AFTER RUMMAGING through five bookcases with about 15 shelves, I still can't find it. Where is it? Where is my autobiography of Wilt Chamberlain?
Murphy's law -- the one that says anything that can go wrong will -- and all its corollaries and contrapositives are in effect here. I've found "Bill Walton" by author Jack Scott, stumbled on "Giant Steps" by Kareem Abdul-Jabbar with Peter Knobler. I heaved a sigh of relief when I saw "Second Wind" by Bill Russell with Baltimore's own Taylor Branch buried in the third row of one shelf.
My passion for pro basketball's great pivotmen led me to buy all three books. I had also bought one called "Wilt" -- Chamberlain's autobiography -- and now, after learning that he had died of congestive heart failure last week, it's the one book I can't find.
I read Chamberlain's obits with disgust. All the things about his playing and his records were in there, along with the claim in his autobiography that he had made love to 20,000 women -- as if basketball and promiscuous sex were all there were to Wilt. But I had read the autobiography. I had seen him several times in recent years, thanks to ESPN's Sports Classics station. Now he was dead and here was the clueless media focused not on what was in his mind, but his private parts.
Not one obit mentioned Chamberlain's 1996 book "Who's Running the Asylum?" in which The Stilt charged that professional sports -- from greedy owners and players to obnoxious and rowdy fans -- are completely out of control. You would have thought the book and Chamberlain's observation would be worth at least a mention along with the reference to the big guy's sex life. But sometimes -- in fact, all too often -- we media folks just don't get it.

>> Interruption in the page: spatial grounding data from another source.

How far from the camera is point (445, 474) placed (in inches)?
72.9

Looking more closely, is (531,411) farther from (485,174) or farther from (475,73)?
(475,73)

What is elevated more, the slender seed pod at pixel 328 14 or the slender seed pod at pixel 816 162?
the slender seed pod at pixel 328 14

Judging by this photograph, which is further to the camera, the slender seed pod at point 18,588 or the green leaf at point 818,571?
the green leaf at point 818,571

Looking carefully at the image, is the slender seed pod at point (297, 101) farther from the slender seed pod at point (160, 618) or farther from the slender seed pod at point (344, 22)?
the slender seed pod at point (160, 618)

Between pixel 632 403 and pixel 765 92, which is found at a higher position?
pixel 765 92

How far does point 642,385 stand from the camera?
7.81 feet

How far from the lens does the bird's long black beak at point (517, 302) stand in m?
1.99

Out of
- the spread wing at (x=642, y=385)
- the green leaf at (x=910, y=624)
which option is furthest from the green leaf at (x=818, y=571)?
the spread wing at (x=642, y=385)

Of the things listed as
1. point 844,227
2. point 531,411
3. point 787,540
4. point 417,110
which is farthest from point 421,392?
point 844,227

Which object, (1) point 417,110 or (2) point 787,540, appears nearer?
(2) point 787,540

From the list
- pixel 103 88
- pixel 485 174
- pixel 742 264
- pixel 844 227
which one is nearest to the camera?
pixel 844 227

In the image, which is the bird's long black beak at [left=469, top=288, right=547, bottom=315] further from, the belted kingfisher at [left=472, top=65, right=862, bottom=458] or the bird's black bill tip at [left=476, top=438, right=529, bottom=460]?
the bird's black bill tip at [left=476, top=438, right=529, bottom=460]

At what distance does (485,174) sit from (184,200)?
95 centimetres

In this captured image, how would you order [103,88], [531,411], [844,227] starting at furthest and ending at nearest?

One of us who does get it is Butch "Coach" McAdams -- an evening talk-show host on WOL in Washington and WOLB in Baltimore. McAdams put Chamberlain's quote about his alleged sexual prowess in perspective.
"I believe Wilt was hurting inside because he felt he never got his just recognition -- that he got all the rebounds and scored all the points because he was just big," McAdams said. "I believe he said it because he was hurting inside and just wanted to stay in the spotlight." Chamberlain resented the fact that guys like Russell and Abdul-Jabbar were considered better centers. The Coach said folks who feel that way are dead wrong.

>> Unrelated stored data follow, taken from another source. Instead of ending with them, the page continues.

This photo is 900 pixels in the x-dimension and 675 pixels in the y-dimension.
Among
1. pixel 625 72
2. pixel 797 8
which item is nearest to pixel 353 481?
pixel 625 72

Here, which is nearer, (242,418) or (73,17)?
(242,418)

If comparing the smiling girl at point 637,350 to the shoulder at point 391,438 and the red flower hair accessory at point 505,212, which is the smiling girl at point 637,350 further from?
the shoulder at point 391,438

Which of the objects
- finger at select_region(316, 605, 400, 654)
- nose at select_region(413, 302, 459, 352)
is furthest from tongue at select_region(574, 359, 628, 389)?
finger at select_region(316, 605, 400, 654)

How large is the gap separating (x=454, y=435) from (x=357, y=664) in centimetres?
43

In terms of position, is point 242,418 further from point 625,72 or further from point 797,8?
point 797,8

"Wilt Chamberlain, for my money, was one of the dominant, if not the most dominant, player ever," McAdams asserted. "Here's a man that played in 47 straight complete basketball games. He never fouled out of a game. He led the league in assists. If he were 6-7 or 6-8, he would have been just as good."

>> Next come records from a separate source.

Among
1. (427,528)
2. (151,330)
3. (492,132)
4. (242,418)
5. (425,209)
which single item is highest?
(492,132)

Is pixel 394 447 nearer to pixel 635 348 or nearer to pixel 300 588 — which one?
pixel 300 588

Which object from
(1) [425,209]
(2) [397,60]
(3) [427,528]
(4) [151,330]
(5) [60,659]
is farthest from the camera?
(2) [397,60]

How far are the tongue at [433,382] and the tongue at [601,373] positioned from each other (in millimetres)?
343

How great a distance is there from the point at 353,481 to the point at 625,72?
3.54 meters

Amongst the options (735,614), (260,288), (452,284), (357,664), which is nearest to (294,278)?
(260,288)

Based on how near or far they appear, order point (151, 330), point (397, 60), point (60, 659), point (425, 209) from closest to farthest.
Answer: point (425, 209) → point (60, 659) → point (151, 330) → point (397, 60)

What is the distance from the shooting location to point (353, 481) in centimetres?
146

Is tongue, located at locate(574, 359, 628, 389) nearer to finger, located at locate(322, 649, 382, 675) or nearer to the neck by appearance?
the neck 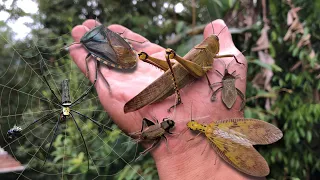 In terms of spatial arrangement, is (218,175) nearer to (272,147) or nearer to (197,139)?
Answer: (197,139)

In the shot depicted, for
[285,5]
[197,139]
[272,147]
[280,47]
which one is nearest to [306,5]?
[285,5]

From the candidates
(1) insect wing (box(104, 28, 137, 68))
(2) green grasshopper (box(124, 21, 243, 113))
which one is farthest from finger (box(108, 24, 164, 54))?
(2) green grasshopper (box(124, 21, 243, 113))

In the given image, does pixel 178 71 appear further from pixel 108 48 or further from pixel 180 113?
pixel 108 48

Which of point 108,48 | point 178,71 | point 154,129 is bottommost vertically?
point 154,129

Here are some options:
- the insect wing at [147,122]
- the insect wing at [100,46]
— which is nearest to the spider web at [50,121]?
the insect wing at [100,46]

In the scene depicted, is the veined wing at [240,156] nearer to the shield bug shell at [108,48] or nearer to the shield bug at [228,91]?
the shield bug at [228,91]

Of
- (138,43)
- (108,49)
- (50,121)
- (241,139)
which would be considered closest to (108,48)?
(108,49) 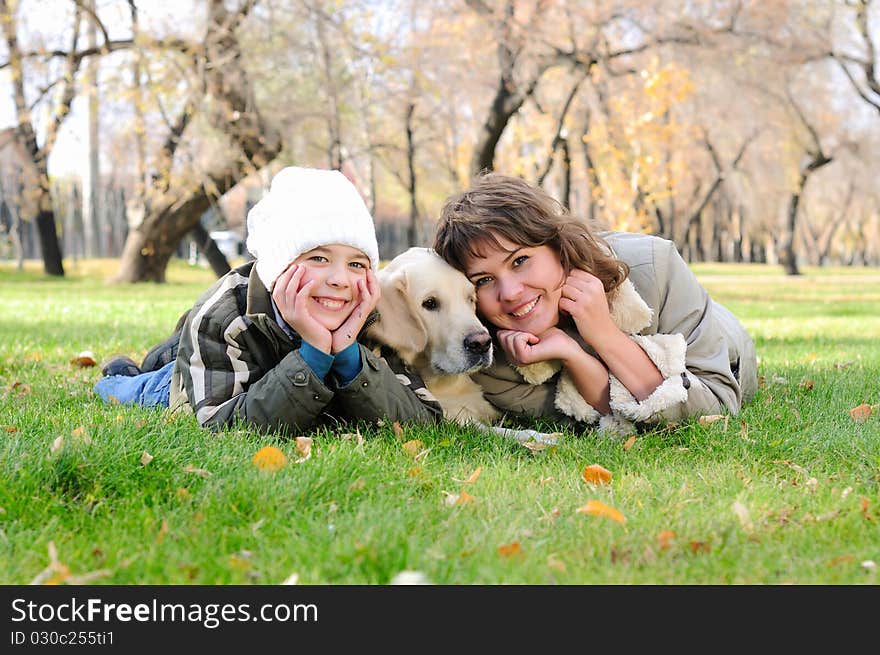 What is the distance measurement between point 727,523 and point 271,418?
1.74m

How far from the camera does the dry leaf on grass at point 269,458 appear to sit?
3.07 meters

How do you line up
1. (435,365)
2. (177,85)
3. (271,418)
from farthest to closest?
1. (177,85)
2. (435,365)
3. (271,418)

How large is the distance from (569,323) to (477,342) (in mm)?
619

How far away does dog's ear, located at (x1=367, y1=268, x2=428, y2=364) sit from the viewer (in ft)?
12.5

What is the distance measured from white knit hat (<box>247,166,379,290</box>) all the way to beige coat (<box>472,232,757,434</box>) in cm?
96

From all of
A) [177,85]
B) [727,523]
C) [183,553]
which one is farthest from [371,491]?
[177,85]

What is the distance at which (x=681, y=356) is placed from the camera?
3906 mm

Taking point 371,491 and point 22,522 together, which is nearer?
point 22,522

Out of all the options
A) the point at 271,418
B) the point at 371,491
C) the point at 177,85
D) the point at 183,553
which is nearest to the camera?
the point at 183,553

McAdams said Chamberlain was also on the mark about the pathetic state of affairs in professional sports.
"Look at what happened with Latrell Sprewell," McAdams observed, referring to the New York Knicks guard who missed training camp and didn't even bother to call his bosses. "Years ago that wouldn't have happened -- a guy missing a week of training camp."
Chamberlain, in an ESPN Classic interview rebroadcast last week, urged sports owners to devote at least one game a season to the common man. Owners, Chamberlain urged, should cut prices and allow seating on a first-come, first-served basis so that Joe Average with an average salary would have a shot at the seats normally occupied by the affluent. McAdams said that once again, The Stilt hit the nail on the head.
"It's a corporate game now," McAdams noted. "Today you can't afford a ticket. When I was a boy, my father, my older brother and I would say, 'Let's go to a Yankees game' or 'Let's go to an Orioles game.' Today, Joe Fan can't afford to go to the game. I think the prices are certainly out of control. I would certainly agree with Wilt on that. Sports needs a lot of reform. But you won't see it."
Of course we won't -- not with a media more obsessed with pointing out a man's incredible claim of having sex with 20,000 women than with his cogent observation that something is terribly wrong with our fixation on pro sports. Owners of pro teams milk fans of one city and then head to another at the slightest hint that taxpayers will foot the bill for a new stadium. Pro athletes like Sprewell consider themselves above the rules. And clueless fans continue to subsidize these characters.
"Who's running this asylum?" Chamberlain asked us before he died. When his obituary ran last week it was obvious it was a question the media cared not to answer.